I need to normalize only the last occurrence. This is my desired output.
Company
-------------------------------
Tundra Corporation Art LTD
Desert Networks INC
Mount Yellowhive Security Corp
Carter, Rath and Mueller LTD (USD/AC)
Barrows Corp /PACIFIC
Corp, Mounted Security
(Only normalize Limited and not Corporation for : Tundra Corporation Art Limited)
My code:
for k, v in entity_dict.items():
df['Company'].replace(regex=True, inplace=True, to_replace=re.compile(k,re.I), value=v)
Is it possible to only change the last occurrence of an entity (do i need to change my regex)?

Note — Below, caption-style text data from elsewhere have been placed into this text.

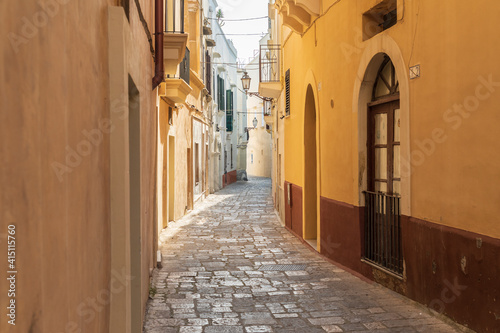 Italy  Apulia  Province of Lecce  Gallipoli. Narrow cobblestone street.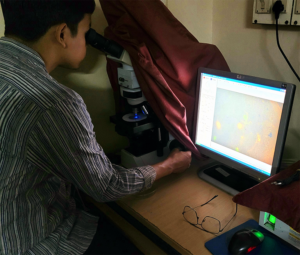 Kaushik Dowarah observing microplastics under a microscope in Pondicherry University.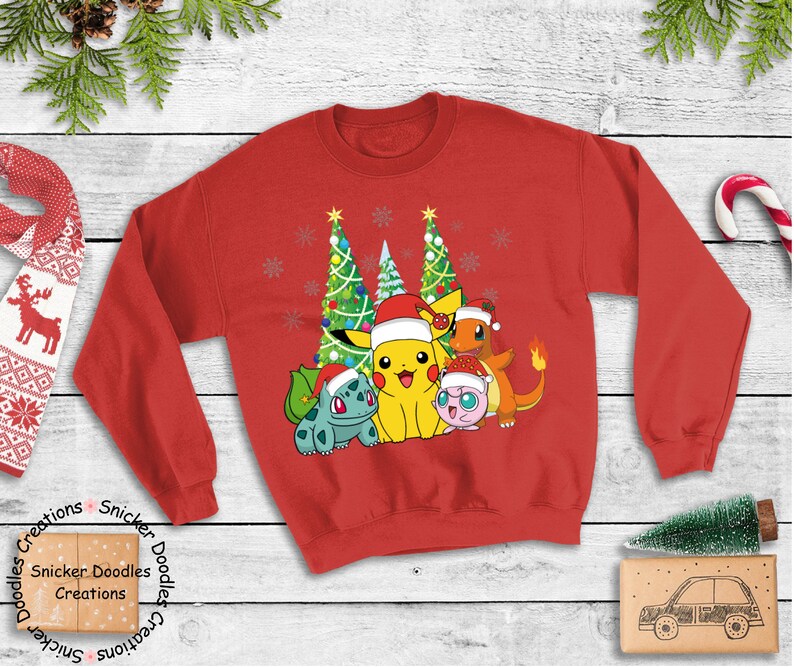 May include: Red Christmas sweater with a graphic of Pikachu, Bulbasaur, Charmander, and Jigglypuff standing in front of two Christmas trees. The Pokemon are wearing Santa hats. The sweater has the words 'Snicker Doodles Creations' printed on the bottom left and bottom right.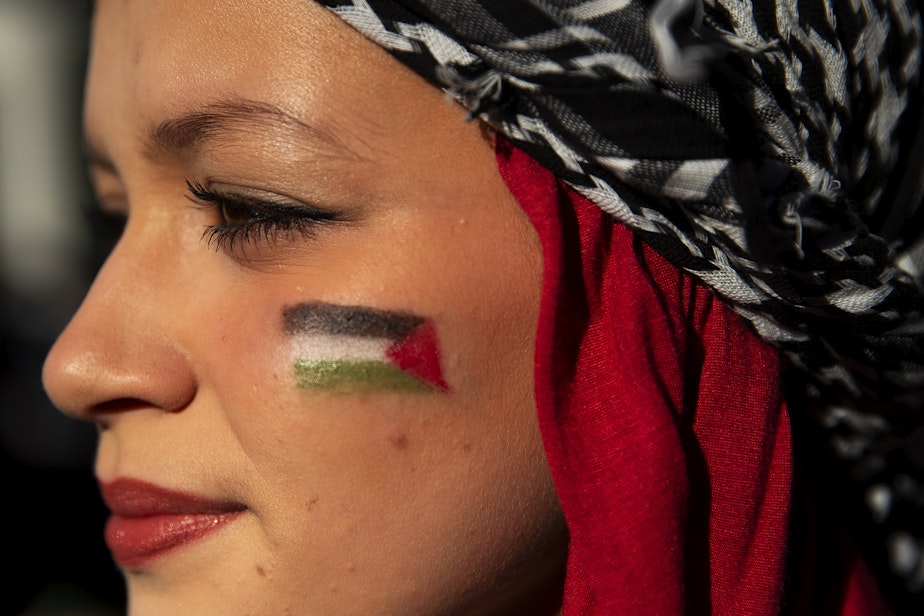 caption: Aliyah Sadoune, 15, of Kent, listens to speakers as thousands gathered at Westlake Park to show support for Palestine on Saturday, October 28, 2023, in Seattle.
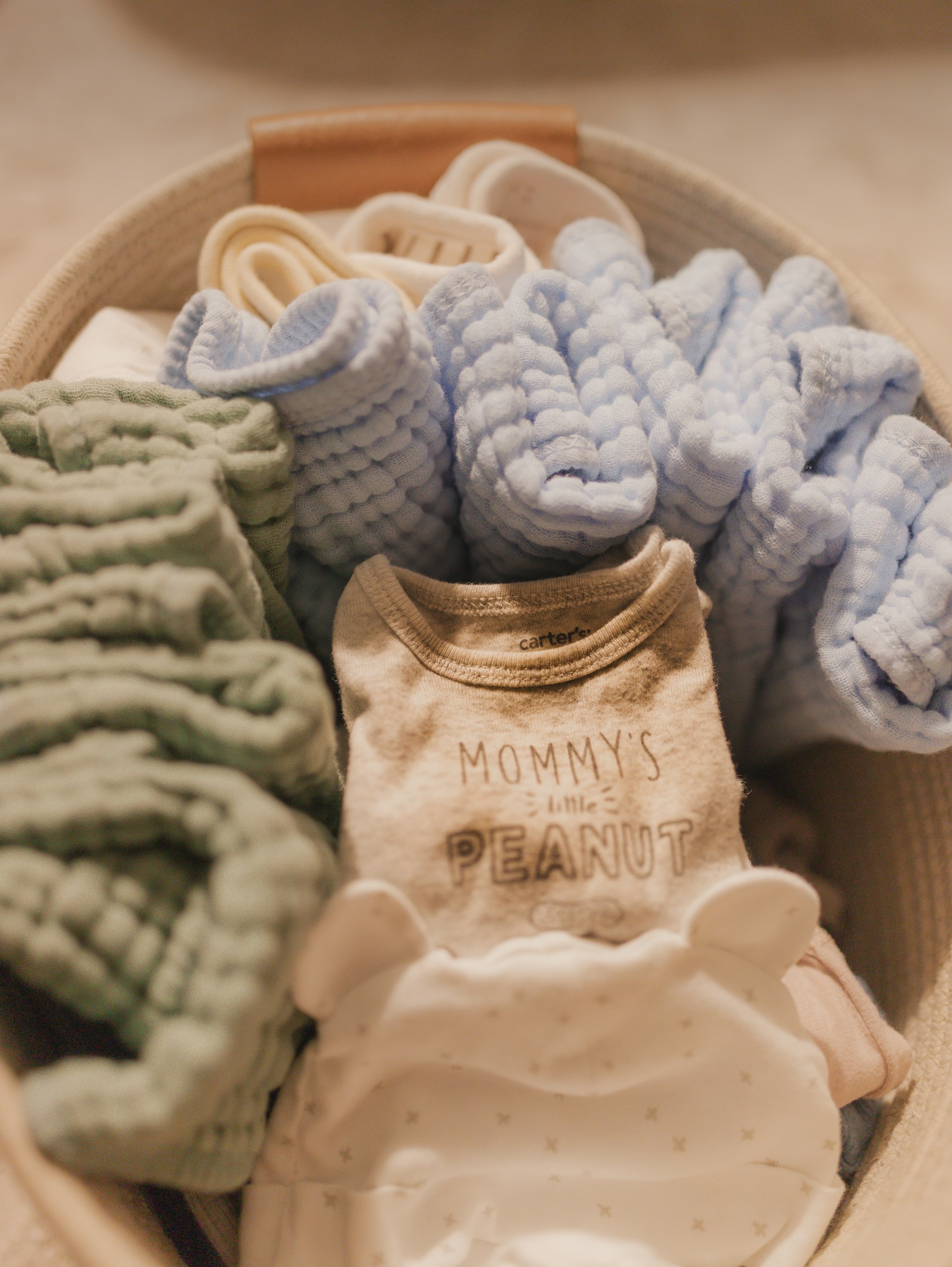 Folded baby clothes in a woven basket
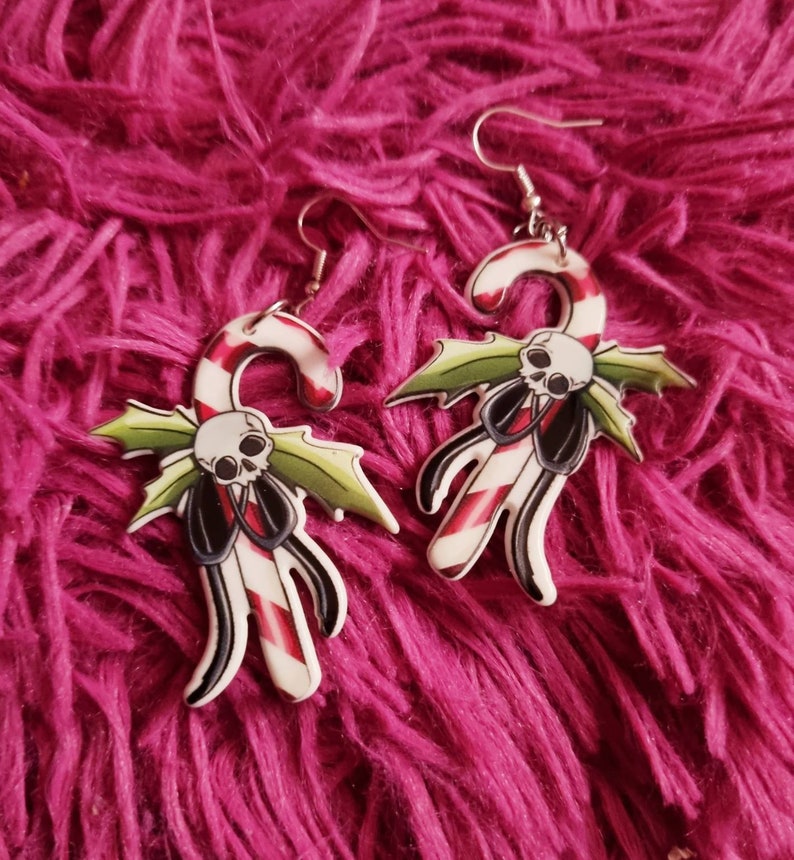May include: A pair of silver dangle earrings with a white candy cane design. The candy cane is decorated with red and white stripes and has a green holly leaf and a skull with a black bow tie.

Change (\s|$) to ($) for match end of strings:
entity_dict = {'(^|\s)corporation($)': ' Corp',
'(^|\s)Limited($)': ' LTD',
'(^|\s)Incorporated($)': ' INC'}
for k, v in entity_dict.items():
df['Company'].replace(regex=True, inplace=True, to_replace=re.compile(k,re.I), value=v)
print (df)
Company
0 Tundra Corporation Art LTD
1 Desert Networks INC
2 Mount Yellowhive Security Corp
EDIT: You can simplify dictionary for no regex, then create lowercase dict for possible use Series.str.findall, get last value of indexing str[-1] and Series.map by lowercase dict, last replace in list comprension:
entity_dict = {'corporation': 'Corp',
'Limited': 'LTD',
'Incorporated': 'INC'}
lower = {k.lower():v for k, v in entity_dict.items()}
s1 = df['Company'].str.findall('|'.join(lower.keys()), flags=re.I).str[-1].fillna('')
s2 = s1.str.lower().map(lower).fillna('')
df['Company'] = [a.replace(b, c) for a, b, c in zip(df['Company'], s1, s2)]
print (df)
Company
0 Tundra Corporation Art LTD
1 Desert Networks INC
2 Mount Yellowhive Security Corp
3 Carter, Rath and Mueller LTD (USD/AC)
4 Barrows Corp /PACIFIC
5 Corp, Mounted Security